*** GIVEN RECORDS ***

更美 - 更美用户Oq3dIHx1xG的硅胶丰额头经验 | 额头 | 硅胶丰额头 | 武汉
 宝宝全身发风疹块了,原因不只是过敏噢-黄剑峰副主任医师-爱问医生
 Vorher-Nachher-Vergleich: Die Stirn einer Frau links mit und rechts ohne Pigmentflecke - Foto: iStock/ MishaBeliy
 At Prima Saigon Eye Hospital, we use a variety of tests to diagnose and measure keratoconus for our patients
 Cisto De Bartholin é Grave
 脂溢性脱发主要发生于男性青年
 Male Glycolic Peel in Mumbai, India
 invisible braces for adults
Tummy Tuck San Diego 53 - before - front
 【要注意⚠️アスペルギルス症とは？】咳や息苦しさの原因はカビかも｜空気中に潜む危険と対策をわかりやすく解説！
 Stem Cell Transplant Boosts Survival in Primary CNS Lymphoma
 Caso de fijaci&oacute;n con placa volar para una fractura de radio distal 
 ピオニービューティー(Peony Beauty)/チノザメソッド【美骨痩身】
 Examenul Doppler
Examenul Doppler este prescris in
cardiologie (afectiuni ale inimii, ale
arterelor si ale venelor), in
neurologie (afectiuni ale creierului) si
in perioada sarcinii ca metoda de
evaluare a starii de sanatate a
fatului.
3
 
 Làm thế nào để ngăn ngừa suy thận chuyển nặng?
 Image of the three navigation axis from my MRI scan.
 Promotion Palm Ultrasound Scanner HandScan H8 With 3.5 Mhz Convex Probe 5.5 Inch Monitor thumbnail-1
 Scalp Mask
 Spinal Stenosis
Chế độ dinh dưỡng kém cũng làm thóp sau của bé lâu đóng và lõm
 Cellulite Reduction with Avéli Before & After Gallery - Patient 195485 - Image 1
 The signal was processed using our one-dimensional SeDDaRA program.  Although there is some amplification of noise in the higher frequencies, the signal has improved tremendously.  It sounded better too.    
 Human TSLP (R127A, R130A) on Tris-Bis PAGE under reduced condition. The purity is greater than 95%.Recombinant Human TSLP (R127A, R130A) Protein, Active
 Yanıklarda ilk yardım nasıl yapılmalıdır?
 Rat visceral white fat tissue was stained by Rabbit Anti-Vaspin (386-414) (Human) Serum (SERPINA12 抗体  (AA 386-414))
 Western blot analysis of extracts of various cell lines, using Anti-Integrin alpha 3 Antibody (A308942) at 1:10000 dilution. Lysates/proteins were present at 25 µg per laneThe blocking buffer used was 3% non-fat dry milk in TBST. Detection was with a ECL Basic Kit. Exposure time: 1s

*** End of GIVEN RECORDS ***

● **TASK TO CARRY OUT**: Filter the listing above for lines with the word "afectiuni", and copy each one you find.

● **ANSWER SPACE**:
cardiologie (afectiuni ale inimii, ale
neurologie (afectiuni ale creierului) si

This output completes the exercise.